В жизненных коммуникациях важны семантика и, особенно, прагматика языка. Семантика раскрывает систему отношений языка к внешней реальности. Но если Фреге в качестве основного знака выделял имя, то у Витгенштейна фигурирует предложение. Сами по себе имена суть неопределенные знаки, они понятны только в предложениях (пропозициях), где существует смысловой контекст и возможно истолкование значения. Предложение не обозначает факт, а описывает его в форме мысли. Оно показывает, как существует предмет, но не что он такое.
Роль языка непонятна без прагматики, которая выявляет, что значение предложения есть его употребление в фактической ситуации. Как нельзя ходить по идеально гладкому льду, так невозможно говорить на идеальном языке. Жизнь как передвижение требует отклонений от идеала в виде шероховатостей, дающих нужное сцепление подошвы с поверхностью. Так и в реальной языковой ситуации проявляются конкретные вариации значения. Здесь все определяет практический контекст жизни. Возьмем, к примеру, предложение «Надо взвесить один килограмм яблок». Одно значение будет вкладывать в это предложение ученик в школе и совсем другое значение будет предполагать продавец на рынке.
За иллюзией единого языка скрывается богатый спектр реальных речевых практик или языковых игр. Язык имеет игровую динамику, его акты весьма подвижны и вариативны.
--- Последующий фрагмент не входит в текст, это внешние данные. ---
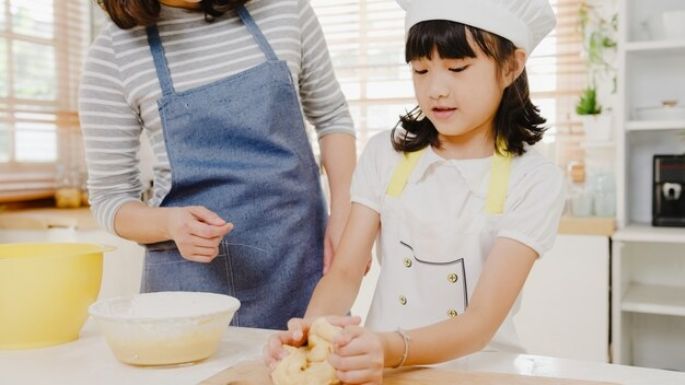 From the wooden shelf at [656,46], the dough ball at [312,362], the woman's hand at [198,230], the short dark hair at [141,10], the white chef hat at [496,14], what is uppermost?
the wooden shelf at [656,46]

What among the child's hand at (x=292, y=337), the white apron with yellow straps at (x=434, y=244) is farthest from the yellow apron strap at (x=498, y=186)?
the child's hand at (x=292, y=337)

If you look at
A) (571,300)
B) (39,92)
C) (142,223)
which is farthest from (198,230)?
(39,92)

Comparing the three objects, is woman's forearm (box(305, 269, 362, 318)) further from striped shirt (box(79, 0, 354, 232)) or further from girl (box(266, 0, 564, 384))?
striped shirt (box(79, 0, 354, 232))

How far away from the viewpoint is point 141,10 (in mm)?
1268

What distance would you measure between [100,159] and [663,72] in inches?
89.7

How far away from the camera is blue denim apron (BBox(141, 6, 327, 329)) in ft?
4.32

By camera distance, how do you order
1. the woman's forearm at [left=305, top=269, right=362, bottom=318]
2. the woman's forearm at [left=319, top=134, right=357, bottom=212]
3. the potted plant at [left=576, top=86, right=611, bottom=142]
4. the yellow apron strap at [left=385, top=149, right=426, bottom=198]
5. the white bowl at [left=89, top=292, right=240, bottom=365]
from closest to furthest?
the white bowl at [left=89, top=292, right=240, bottom=365] → the woman's forearm at [left=305, top=269, right=362, bottom=318] → the yellow apron strap at [left=385, top=149, right=426, bottom=198] → the woman's forearm at [left=319, top=134, right=357, bottom=212] → the potted plant at [left=576, top=86, right=611, bottom=142]

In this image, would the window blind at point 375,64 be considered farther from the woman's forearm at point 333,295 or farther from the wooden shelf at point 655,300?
the woman's forearm at point 333,295

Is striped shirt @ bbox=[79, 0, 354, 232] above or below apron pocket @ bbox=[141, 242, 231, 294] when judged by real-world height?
above

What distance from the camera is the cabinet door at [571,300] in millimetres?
2533

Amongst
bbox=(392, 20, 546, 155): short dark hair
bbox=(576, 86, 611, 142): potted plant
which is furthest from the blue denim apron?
bbox=(576, 86, 611, 142): potted plant

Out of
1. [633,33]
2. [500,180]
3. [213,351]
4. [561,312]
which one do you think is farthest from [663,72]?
[213,351]

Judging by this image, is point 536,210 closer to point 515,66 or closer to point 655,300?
point 515,66

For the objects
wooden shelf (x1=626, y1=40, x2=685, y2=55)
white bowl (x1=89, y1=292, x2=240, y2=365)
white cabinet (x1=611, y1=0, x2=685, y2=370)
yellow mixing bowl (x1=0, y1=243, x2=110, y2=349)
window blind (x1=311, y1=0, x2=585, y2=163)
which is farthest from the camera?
window blind (x1=311, y1=0, x2=585, y2=163) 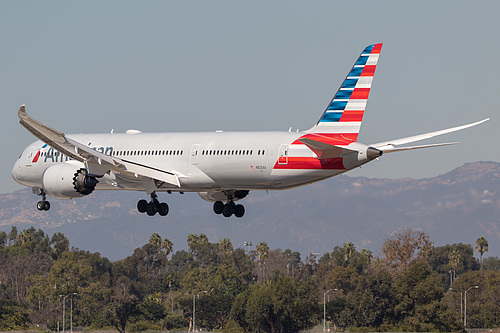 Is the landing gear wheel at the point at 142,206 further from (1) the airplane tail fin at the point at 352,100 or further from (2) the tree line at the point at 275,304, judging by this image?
(2) the tree line at the point at 275,304

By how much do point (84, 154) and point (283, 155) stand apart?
1233 cm

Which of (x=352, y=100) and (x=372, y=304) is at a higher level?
(x=352, y=100)

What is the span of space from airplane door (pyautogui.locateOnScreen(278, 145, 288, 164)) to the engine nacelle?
41.1 feet

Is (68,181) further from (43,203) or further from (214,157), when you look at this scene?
(214,157)

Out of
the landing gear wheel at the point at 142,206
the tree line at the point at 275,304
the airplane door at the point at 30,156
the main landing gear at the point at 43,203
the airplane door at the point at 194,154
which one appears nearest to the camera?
the airplane door at the point at 194,154

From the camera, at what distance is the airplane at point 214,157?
52062 millimetres

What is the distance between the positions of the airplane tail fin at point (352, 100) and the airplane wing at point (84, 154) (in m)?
11.6

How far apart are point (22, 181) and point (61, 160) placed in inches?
195

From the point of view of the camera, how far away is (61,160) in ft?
210

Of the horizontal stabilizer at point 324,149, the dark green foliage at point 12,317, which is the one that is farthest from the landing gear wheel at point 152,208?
the dark green foliage at point 12,317

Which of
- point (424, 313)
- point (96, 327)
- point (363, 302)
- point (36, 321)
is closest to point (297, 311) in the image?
point (363, 302)

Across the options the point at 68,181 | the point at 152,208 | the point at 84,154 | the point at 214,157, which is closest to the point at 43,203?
the point at 68,181

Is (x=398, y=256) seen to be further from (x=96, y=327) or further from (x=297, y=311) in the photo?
(x=96, y=327)

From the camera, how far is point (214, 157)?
187ft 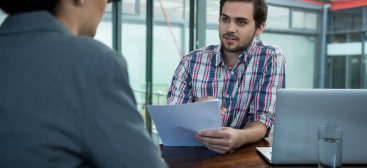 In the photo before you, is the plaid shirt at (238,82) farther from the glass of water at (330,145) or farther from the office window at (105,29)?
the office window at (105,29)

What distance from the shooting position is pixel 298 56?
118 inches

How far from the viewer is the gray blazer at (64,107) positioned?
0.52 m

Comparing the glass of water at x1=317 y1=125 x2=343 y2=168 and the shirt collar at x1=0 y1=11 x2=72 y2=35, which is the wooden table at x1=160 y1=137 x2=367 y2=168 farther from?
the shirt collar at x1=0 y1=11 x2=72 y2=35

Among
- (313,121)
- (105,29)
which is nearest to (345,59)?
(313,121)

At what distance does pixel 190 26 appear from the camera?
119 inches

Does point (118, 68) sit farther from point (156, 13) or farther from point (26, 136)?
point (156, 13)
Разнообразие жизненных ситуаций дает богатый репертуар языковых игр: отдавать и выполнять приказы, информировать о событии, ставить научный вопрос и находить ответ и т.п. Как и любая игра, язык подчиняется системе правил, задающих нормативные образцы и получающих в языковой практике вариативные отклонения. Вариантность усиливается еще и тем, что речевые акты дополняются неречевыми действиями: жестами, мимикой, телодвижениями. В театре жизни вербальный язык – не единственное действующее лицо, хотя и самый главный актер.
Языковые игры обнаруживают «семейное сходство». Речевые акты пересекаются друг с другом по причудливым траекториям. В ходе такого взаимодействия правила некоторых практик объединяются и начинают порождать общие смыслы. Так возникает «семейное сходство». Известно, что многие русские купцы (до революции 1917 года) занимались меценатством. Покровительство искусству породило особую языковую культуру, где уживались термины эстетики с лексикой торговли.
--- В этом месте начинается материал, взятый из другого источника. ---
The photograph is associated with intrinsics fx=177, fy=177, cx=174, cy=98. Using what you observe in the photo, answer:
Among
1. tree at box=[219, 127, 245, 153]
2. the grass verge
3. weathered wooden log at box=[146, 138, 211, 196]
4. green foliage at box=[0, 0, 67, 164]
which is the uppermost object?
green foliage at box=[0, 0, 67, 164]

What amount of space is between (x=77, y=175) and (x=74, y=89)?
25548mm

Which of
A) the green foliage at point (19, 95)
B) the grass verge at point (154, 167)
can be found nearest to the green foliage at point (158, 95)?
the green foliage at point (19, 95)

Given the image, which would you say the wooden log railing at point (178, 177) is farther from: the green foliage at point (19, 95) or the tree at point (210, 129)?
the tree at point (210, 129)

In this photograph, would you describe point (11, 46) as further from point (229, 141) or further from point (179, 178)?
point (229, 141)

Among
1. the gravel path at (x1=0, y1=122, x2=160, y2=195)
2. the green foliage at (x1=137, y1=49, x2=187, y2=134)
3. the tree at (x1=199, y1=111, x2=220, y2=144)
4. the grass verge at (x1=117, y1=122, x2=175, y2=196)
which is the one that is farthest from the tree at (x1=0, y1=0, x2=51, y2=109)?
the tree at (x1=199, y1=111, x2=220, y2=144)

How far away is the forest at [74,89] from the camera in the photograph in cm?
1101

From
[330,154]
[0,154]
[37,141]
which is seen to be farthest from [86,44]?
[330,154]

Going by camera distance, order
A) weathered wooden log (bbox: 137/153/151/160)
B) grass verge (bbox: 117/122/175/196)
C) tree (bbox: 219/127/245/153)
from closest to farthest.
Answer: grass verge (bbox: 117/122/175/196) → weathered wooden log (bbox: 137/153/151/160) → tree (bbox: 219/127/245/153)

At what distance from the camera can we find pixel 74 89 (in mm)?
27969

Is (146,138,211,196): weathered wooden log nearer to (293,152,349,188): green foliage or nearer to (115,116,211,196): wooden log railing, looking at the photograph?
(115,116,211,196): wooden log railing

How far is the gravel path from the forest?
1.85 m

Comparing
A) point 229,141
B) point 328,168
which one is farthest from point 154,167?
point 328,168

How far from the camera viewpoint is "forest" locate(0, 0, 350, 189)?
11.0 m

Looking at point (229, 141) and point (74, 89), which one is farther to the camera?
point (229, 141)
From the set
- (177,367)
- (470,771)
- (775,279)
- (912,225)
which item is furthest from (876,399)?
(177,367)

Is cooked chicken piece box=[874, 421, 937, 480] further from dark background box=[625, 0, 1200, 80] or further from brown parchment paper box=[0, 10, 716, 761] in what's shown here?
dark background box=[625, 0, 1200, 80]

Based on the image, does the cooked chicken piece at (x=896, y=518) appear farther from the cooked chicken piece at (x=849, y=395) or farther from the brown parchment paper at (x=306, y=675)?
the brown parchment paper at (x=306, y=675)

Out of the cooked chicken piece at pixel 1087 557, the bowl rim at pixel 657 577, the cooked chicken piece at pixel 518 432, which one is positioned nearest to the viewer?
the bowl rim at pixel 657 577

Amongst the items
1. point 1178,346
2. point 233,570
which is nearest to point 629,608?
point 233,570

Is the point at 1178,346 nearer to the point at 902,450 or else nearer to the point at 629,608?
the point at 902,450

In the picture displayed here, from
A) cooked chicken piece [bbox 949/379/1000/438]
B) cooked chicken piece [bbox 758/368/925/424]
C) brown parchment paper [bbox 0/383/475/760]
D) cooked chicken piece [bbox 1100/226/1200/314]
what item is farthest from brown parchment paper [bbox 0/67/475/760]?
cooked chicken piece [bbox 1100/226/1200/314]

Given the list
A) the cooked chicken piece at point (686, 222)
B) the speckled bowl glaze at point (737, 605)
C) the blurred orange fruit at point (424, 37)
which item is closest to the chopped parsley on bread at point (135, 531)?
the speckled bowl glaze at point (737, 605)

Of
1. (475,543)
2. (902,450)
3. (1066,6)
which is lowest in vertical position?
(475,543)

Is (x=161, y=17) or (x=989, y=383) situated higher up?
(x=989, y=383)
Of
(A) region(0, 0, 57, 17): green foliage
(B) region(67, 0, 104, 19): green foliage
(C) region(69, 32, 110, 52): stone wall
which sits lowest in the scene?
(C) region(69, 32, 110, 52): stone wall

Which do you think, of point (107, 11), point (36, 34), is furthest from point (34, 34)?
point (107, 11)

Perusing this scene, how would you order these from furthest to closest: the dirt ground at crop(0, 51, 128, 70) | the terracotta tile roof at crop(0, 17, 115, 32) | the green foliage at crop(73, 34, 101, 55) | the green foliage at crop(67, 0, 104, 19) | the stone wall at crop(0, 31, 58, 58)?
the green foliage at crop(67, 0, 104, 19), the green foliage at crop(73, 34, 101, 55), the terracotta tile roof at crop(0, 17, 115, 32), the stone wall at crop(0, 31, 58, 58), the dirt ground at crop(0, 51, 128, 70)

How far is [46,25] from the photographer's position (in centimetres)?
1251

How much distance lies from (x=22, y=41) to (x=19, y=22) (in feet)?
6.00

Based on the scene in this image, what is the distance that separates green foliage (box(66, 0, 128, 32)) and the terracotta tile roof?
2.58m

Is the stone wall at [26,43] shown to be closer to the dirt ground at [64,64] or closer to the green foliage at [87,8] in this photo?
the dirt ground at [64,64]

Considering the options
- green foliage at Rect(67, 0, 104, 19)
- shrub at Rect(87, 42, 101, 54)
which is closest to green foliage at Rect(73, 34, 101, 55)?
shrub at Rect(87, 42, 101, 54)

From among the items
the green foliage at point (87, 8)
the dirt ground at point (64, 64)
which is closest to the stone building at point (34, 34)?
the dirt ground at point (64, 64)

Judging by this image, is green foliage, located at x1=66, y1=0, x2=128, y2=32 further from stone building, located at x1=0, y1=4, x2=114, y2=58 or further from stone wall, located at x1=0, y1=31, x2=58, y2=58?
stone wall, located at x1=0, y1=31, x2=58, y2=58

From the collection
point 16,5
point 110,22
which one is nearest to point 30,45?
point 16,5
Дело философии – лечить языковые болезни. Многие философские учения являются продуктами смешения разных языковых игр. В плане познания они негативны, ибо дают смысловую путаницу. Существуют типичные философские болезни: а) считать некоторые слова именем псевдосущности («идеи» Платона, «абсолют» Гегеля и т.п.); б) за общими словами предполагать универсальную реальность («монады» Лейбница); в) реальным процессам предлагать неподходящие контексты употребления (в апориях Зенона механическое движение сведено к математической операции деления отрезка на части).
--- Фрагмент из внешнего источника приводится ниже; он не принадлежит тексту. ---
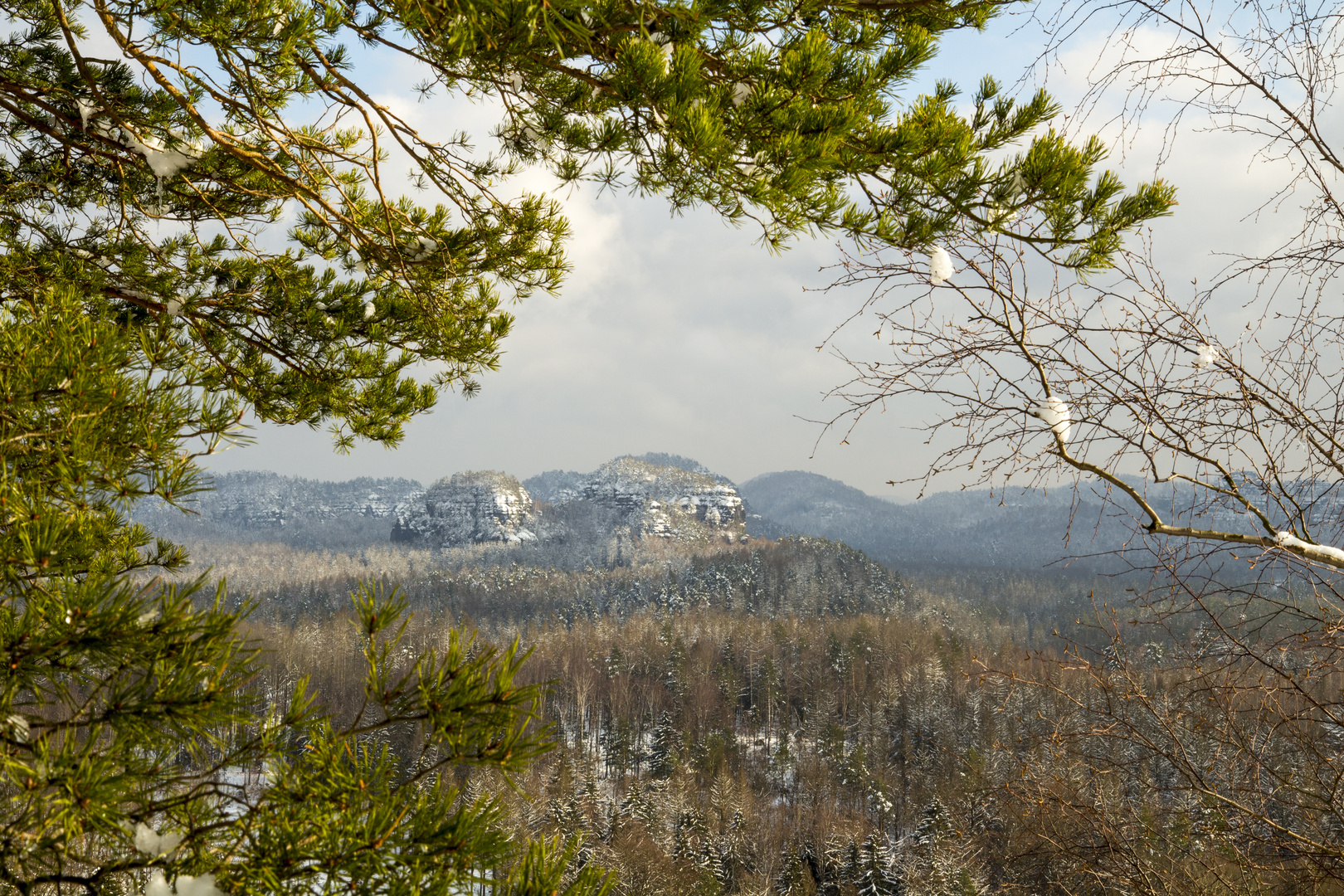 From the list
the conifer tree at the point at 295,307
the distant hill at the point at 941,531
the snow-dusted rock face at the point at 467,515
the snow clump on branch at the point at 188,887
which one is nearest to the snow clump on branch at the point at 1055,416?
the conifer tree at the point at 295,307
Традиционный философ похож на муху, которая попала в мухоловку. Ей надо указать выход из нее, что весьма похоже на излечение болезни. Приемы аналитической терапии: 1. Скрытую бессмыслицу следует представить явным абсурдом. 2. Заменять запутанные выражения ясными и последовательными суждениями. 3. Именования псевдосущностей заменять типичными употреблениями слов в естественном языке.
Итак, аналитическая философия внесла ценный вклад в рефлексию научной теории и языка науки.
Задания.
1. Как вы поняли идею Г. Фреге о том, что мышление ученого не властно над «мыслями»?
2. Какую идею А. Тарского использовал Б. Рассел для разрешения парадоксов теории множеств?
3. Сохранило ли перспективу предложение Рассела о логическом прояснении языка философии?
4. Можно ли философию раннего Л. Витгенштейна признать «наивным материализмом»?
5. К каким проблемам гуманитарных наук лучше всего применима витгенштейновская концепция языковых игр?